Il se gratta la mâchoire, la détaillant un moment. « Je te propose un échange. »

Ses yeux se plissèrent davantage. « Quel genre d’échange ? »

« Des photos. »

Elle cligna des yeux.« Des photos ? »

« J’ai des croquis à faire photographier pour une exposition en galerie, » expliqua-t-il en désignant l’appareil photo suspendu autour de son cou. « Et je ne me fais pas assez confiance pour gérer l’éclairage. Vous êtes photographe, n’est-ce pas ? »

Sa main se resserra instinctivement sur la sangle. « Comment savez-vous que je ne suis pas simplement une touriste ? »

Il haussa les épaules, un léger sourire effleurant le coin de ses lèvres. « Disons que j’ai un bon pressentiment. Cet appareil photo n’est pas donné, et vous avez l’air de savoir ce que vous faites. »

Maya hésita, son esprit s’emballant. Elle détestait devoir quelque chose à qui que ce soit, encore moins à cet étranger au calme exaspérant. Mais sa proposition semblait raisonnable. Et malgré elle, l’idée de collaborer avec un artiste éveillait sa curiosité.

« D’accord, » finit-elle par dire, sa voix perdant légèrement de sa dureté. « Mais seulement parce que je ne veux pas passer la nuit coincée ici. »

« Ça marche. » Il lui tendit une main, sa paume calleuse marquée de légères traces de graisse. « Lucas Reed. »

« Maya Winters. » Elle serra sa main brièvement, sa poigne ferme avant de la retirer.

Lucas fit un signe de tête en direction de son camion. « Je vais chercher la chaîne de remorquage. Ouvrez le capot pour moi. »
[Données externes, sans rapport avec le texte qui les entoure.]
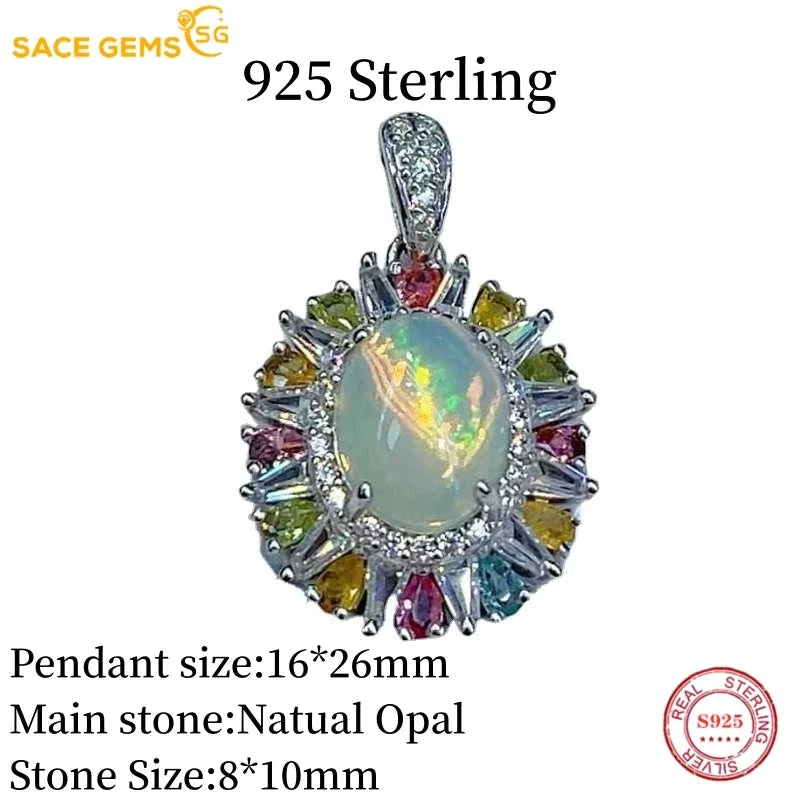 SACE GEMS S925 Sterling Silver Certified 8*10MM Natual Opal Pendant Necklaces for Womne Engagement Cocktail Party Fine Jewelry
Alors qu’il s’éloignait, Maya jeta un coup d’œil à la Pompe N° 7. La pluie ruisselait le long du numéro imposant, la peinture écaillée contrastant avec le gris flou de la tempête. Les improbabilités de cette rencontre bourdonnaient doucement dans son esprit : un mélange inattendu, un inconnu avec une proposition, et ses plans soigneusement réglés qui vacillaient.

Avec un léger soupir, elle ouvrit le capot. Ce n’était qu’une étape, se dit-elle. Temporaire. Éphémère. Rien de plus.

Mais lorsque Lucas revint, sa présence tranquille perçant à travers la pluie, elle sentit que quelque chose venait de changer. Et, sans pouvoir l’expliquer, elle posa un dernier regard sur la Pompe N° 7.